The new presentation of the MACBA Collection, which forms part of the museum’s Year Thirty celebrations, explores the emergence of a porous being ready to spread its wings and unfurl its subjectivity as a liberating space. Eschewing a chronological approach, it revisits the works in the collection by striking up dialogues with new ways of being and acting in the world. It offers a plural gaze that reaffirms the collection as a growing, open, diverse and mutable murmur.
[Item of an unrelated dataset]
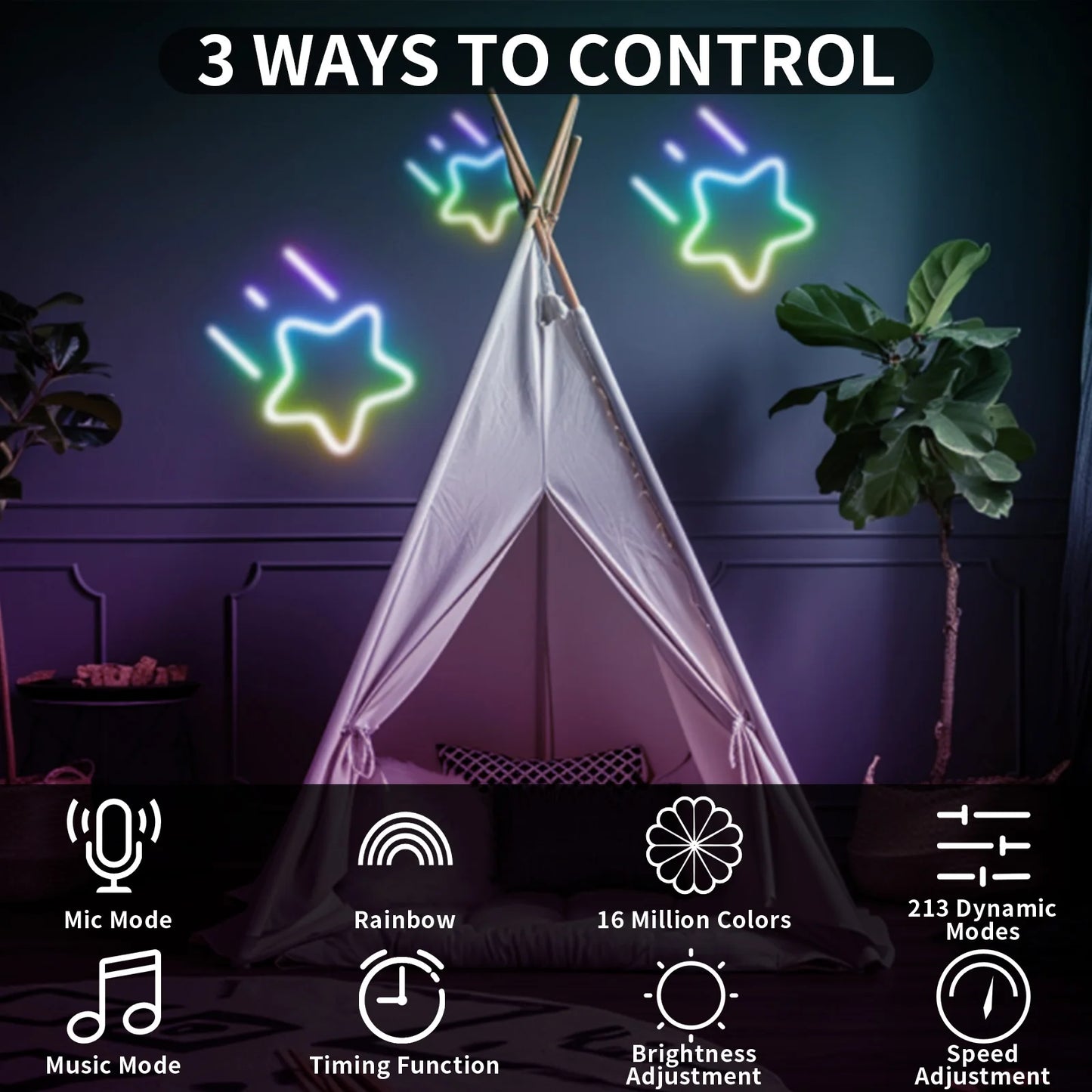 LED Neon RGBIC Lights 8M 16M Flexible Waterproof Music Sync - Get Outside Today 25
They fly in groups. Hundreds of thousands of birds moving in unison across the winter sky. Precisely choreographed, they twist and turn, swirl and swoop, forming vast pulsing swarms: the dance of the starlings. No one can predict what their next move will be—not even the birds themselves know where they will be flying in the next few seconds. The result is a perfectly synchronised aerial ballet. And it is with these unique aerial dances in mind that we have designed our direct, twofold approach to the MACBA Collection: celebrating its thirtieth anniversary while also reflecting on contemporary processes of subjectivation. Echoing how a flock of starlings’ synchronised moves conjure up a billowing cloud of ever shifting images—a display known as a murmuration—the works in the collection also adjust and regroup with each new presentation, revealing different nodes or maps of meaning.
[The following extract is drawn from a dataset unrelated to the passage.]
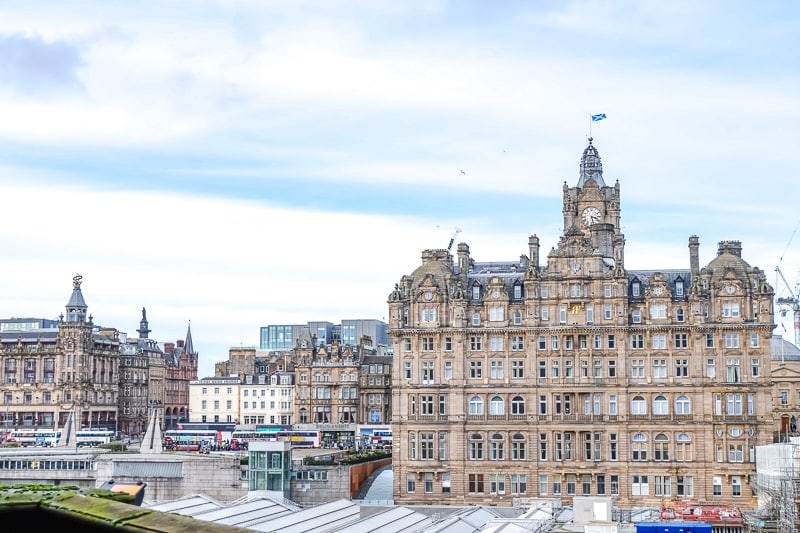 large hotel with clock tower in edinburgh scotland the balmoral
The celebration of MACBA’s thirtieth anniversary is an apt moment to take stock and look back over how the museum’s past has shaped its present, as well as a welcome opportunity to appreciate how it has evolved. This is not only a tribute but also a critical reassessment of the interwoven threads that have fashioned the museum we know today. From the outset, the MACBA Collection has gradually taken shape by embracing the challenges of its contemporaneity and taking the necessary risks to become a platform for bold, politically engaged practices. Year on year, it unfolds like a growing murmuration, a constellation of voices emerging from the past to produce a polyphonic resonance with infinite, boundless and diverse ambitions.
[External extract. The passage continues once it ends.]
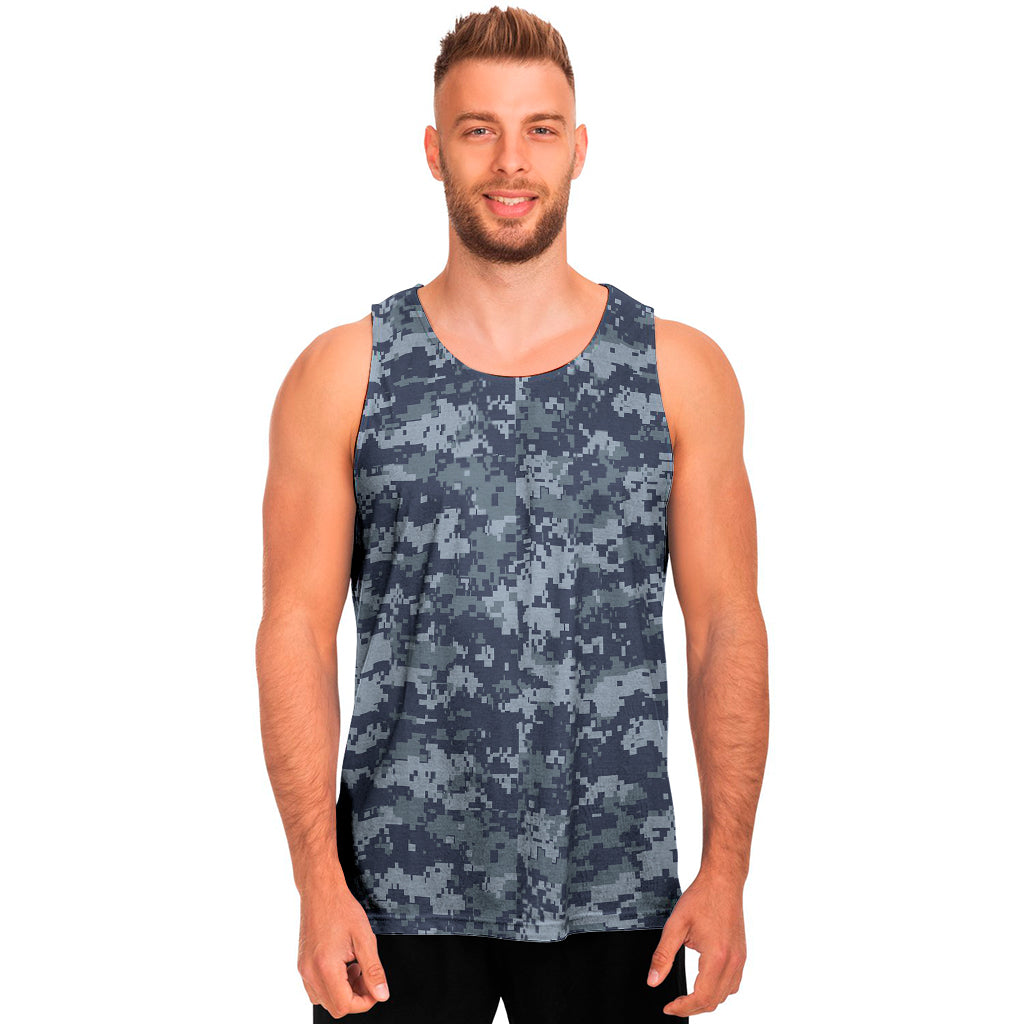 Navy Digital Camo Pattern Print Men's Tank Top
Although this introduction forms part of our thirtieth anniversary celebrations, the exhibition itself is not a commemorative survey but a show with its own identity. This particular murmuration of the collection is a choreography of the contemporary subject. Eschewing a chronological narrative, the exhibition is structured around connective nodes that explore ideas of the subject as a malleable entity whose identity is constructed not in isolation but collectively, in dialogue with shared experiences, social struggles and intercultural contexts. Intertwined and constantly shifting existences are the focus of many works in the MACBA Collection and offer a range of plural, flexible and dynamic perspectives.
Here, then, we explore the concept of the hybrid subject, which challenges rigid identities fixed by categories such as gender, race, nationality or class. This hybridisation flows from ongoing interactions between different worlds and, like birds in collective flight, lets us present works that evoke a self that has been forged organically through community and nature, without neglecting the vital role played by sacred relationships with spiritual worlds. The experiences of dreaming, play and ritual will be key to portraying an identity that connects with the invisible, transcendental dimensions of existence, and even with delirium as a source of strength.
To tie in with this exhibition, three delocalised works are each being presented in a primary or secondary school in Barcelona. These pieces, by Alán Carrasco, Dora García and Tanit Plana, feature in the latest edition of MACBA’s Out from reserve programme, which works with Barcelona City Council to place works from its contemporary art collection in educational establishments across the city.